Thursday, April 5, 2018

Raymond Tan

theSun interviews Raymond Tan, who has just directed a movie about children and chinese opera 

Headline: The Love Of Theatre 
By Bissme S 

ONE OF the films opening in cinemas today, The Wayang Kids focuses on five primary school students who are training hard to enter an international Chinese opera performance.
The main protagonist is a young boy named Open, who is on the autism spectrum. He must prove to his classmates and himself that he has what it takes to be on stage.
Recently the film under produced by Brainchild Pictures was showed at a screening for the Malaysian media. The 90-minute film touched our hearts, thanks to the performances of the five child actors from different cultural backgrounds.

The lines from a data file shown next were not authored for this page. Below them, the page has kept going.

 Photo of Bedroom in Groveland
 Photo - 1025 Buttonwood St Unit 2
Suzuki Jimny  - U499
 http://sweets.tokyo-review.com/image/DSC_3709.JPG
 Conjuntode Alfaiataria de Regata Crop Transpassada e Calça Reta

Austin Chong stars as the film’s protagonist Open, and his classmates are played by Mukesh Raghavan, Muhamad Mikail, Kaitlyn Ong, and Lorena Gibb.

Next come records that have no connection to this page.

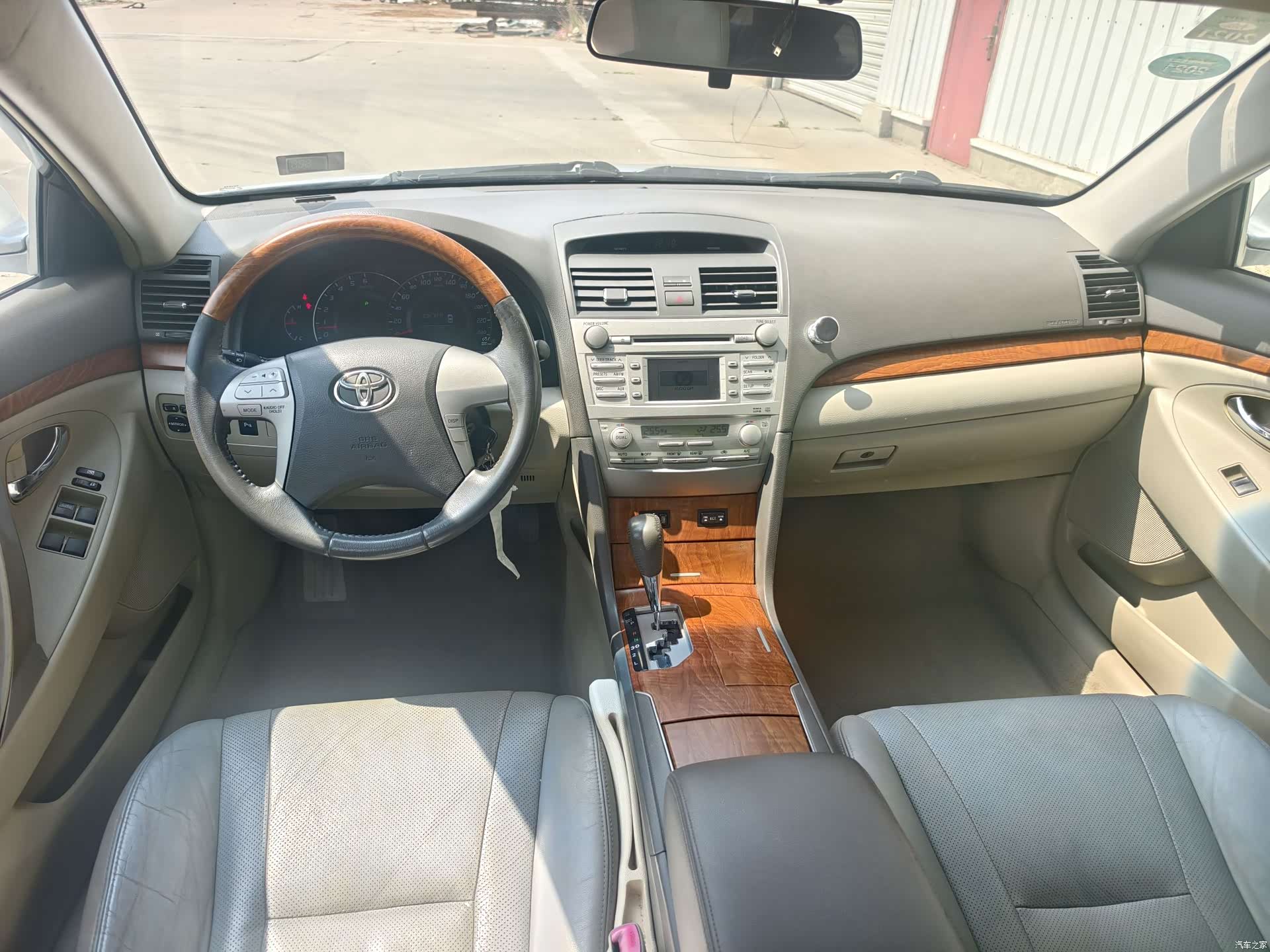 Toyota Camry, 2012 6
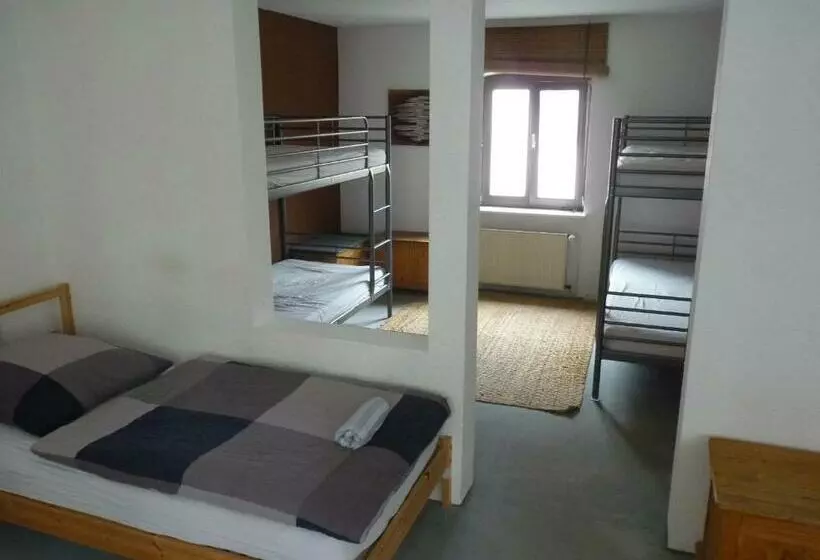 404 Hostel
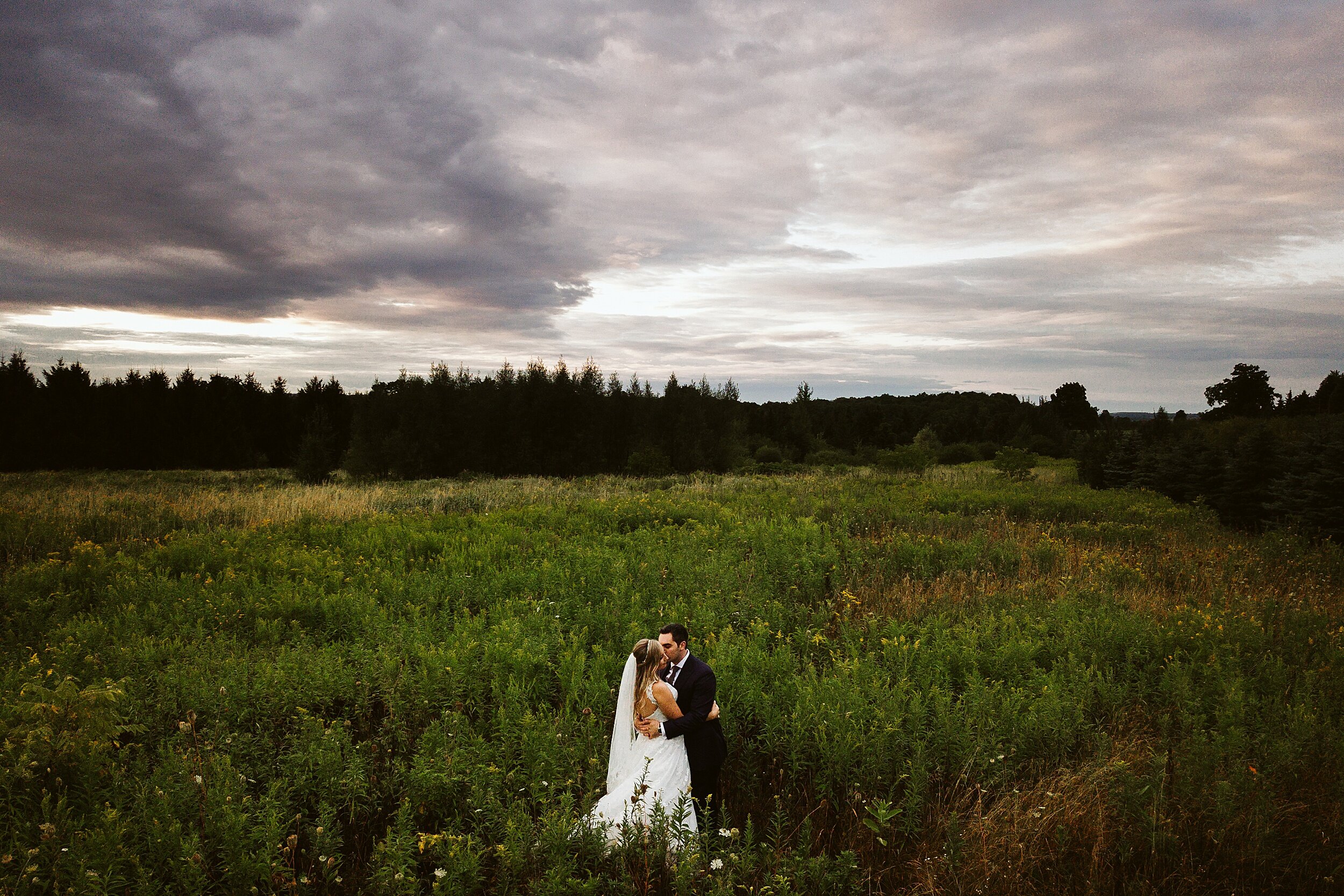 Belcroft-Estates-wedding-Toronto-Wedding-Photographers-Amber_0088.jpg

To find the right cast, film director Raymond Tan, 44, visited over 20 schools and auditioned nearly 500 students.
“None of the kids had acting experiences before,” says Tan.
Tan gave the children two months of intensive training before facing the camera. They were given some lessons in acting and Chinese opera, where they learn how to somersault and back-flip. A few were given additional training to brush up their Mandarin, as the film is mostly in that dialect.

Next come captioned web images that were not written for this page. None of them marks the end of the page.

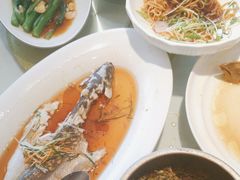 -沪华海鲜大酒楼(南汇店)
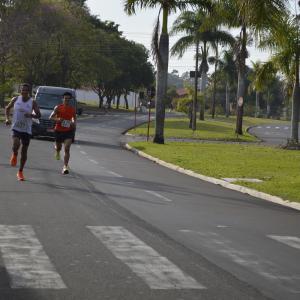 Imagem da notícia Corrida comemora os 165 anos de Jahu - FOTOS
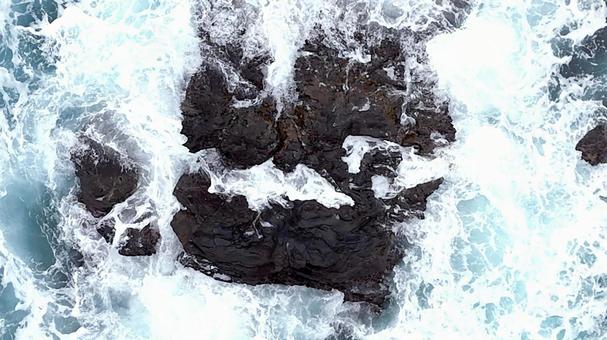 空撮 打ち付ける波 空撮 打ち付ける波 海,波,岩の写真素材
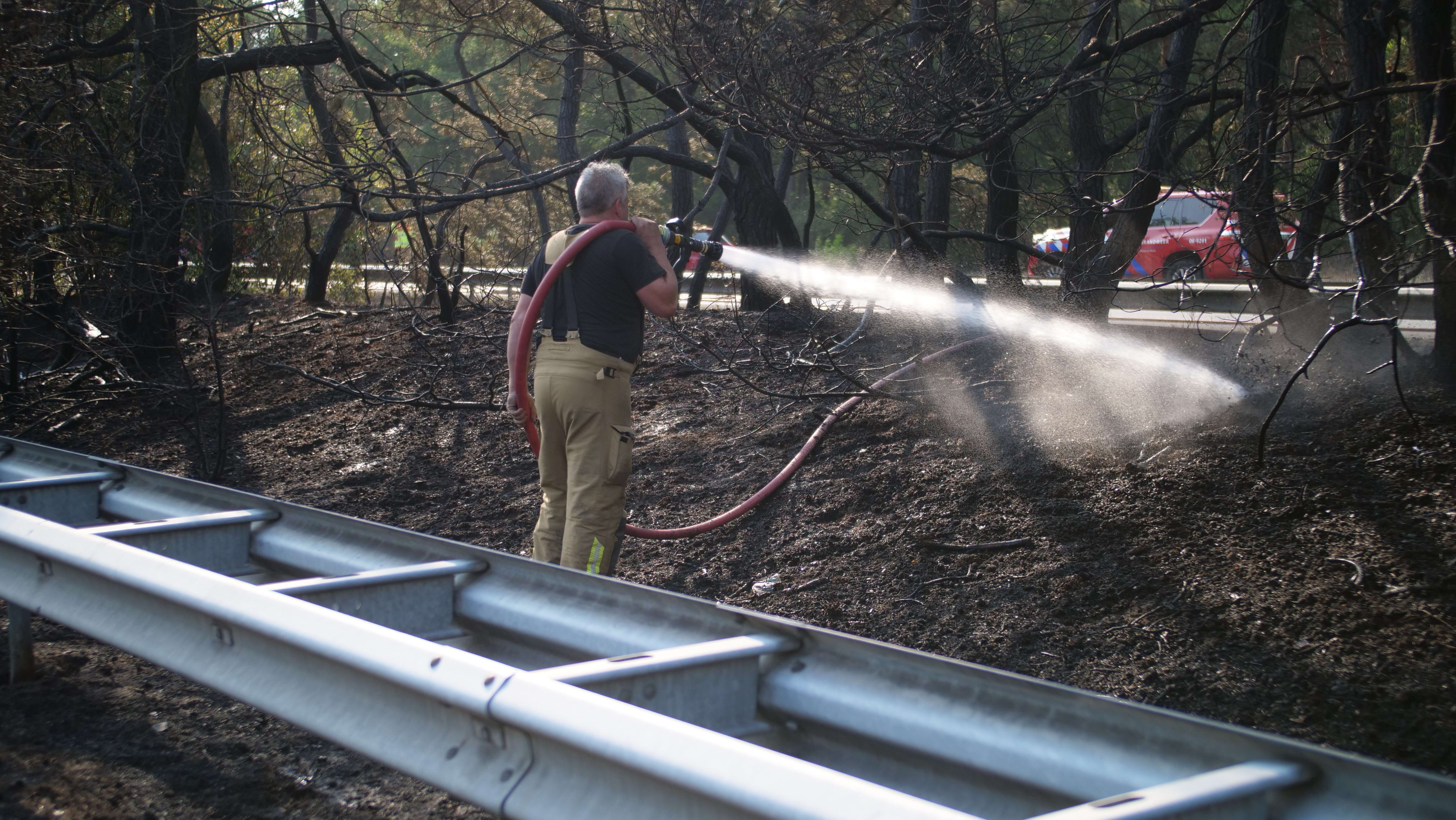 A28 uren dicht door flinke bermbrand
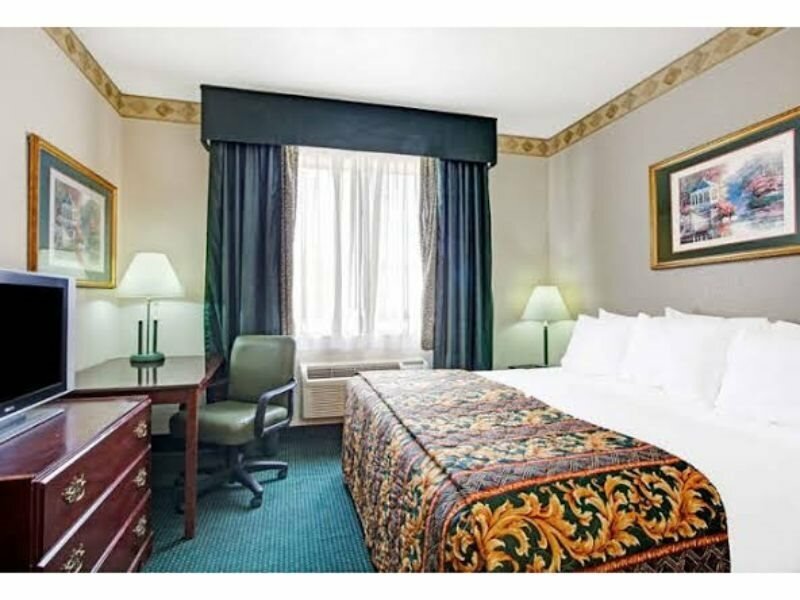 Фото Days Inn And Suites Houston North/Aldine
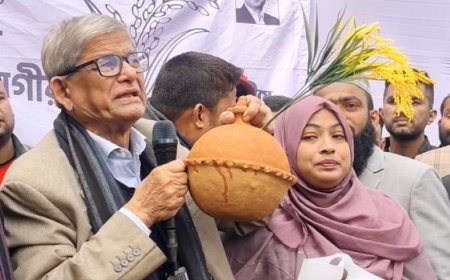 নির্বাচনি সভায় মাটির ব্যাংক ও মুরগির ডিম উপহার পেলেন মির্জা ফখরুল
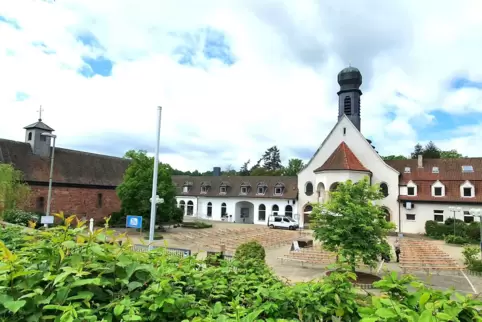 Große Ereignisse werfen ihre Schatten voraus: Der Innenhof im Wallfahrtsort Maria Rosenberg ist bereits mit zahlreichen Bänken v
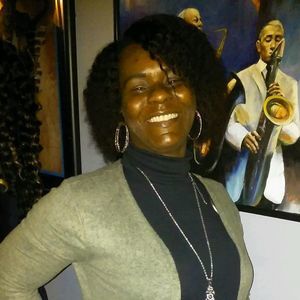 Meet your Posher, Angela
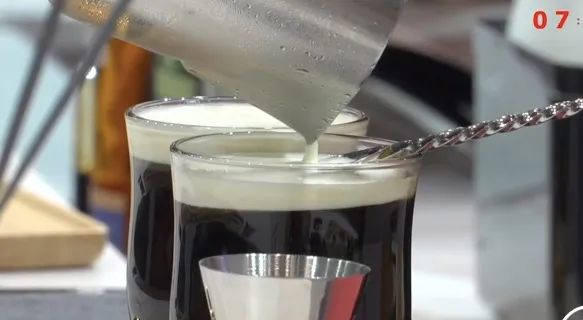 愛爾蘭咖啡製作全攻略：從起源故事到手沖與奶油封頂技巧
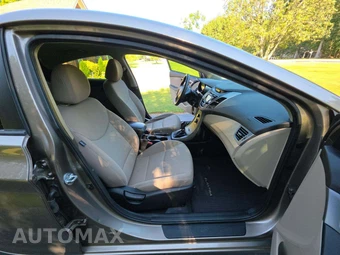 2016 Hyundai Elantra SE Sedan – miniatura 15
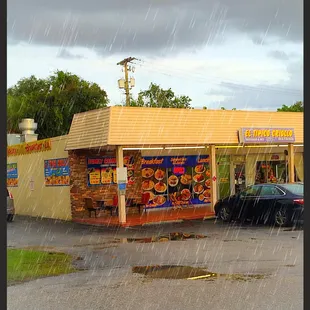 Love the menu&apos;s on the exterior!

“I always tell them ‘whatever you do, never memorise your lines,” he says.
“Nobody will pay to see you reciting your lines.”
His child actors were given the freedom to interpret their characters so their performance would be more natural. Tan said the last thing he wanted was for his young actors to give ‘adult-like performances’.
“I want them to be kids,” he says.
It had always been his childhood dream to be a film maker. Tan, who was born in Pulau Tikus, Penang says: “I was exposed to films when I was six years old.
My father was manager for a cinema and I got the chance to see many films for free.”
“I wanted to be a filmmaker [and] make films to entertain people [in return]."
Unfortunately, it took him many years to become a filmmaker.
“I grew up in an era where we encourage to be doctors, lawyers and engineers,” he says.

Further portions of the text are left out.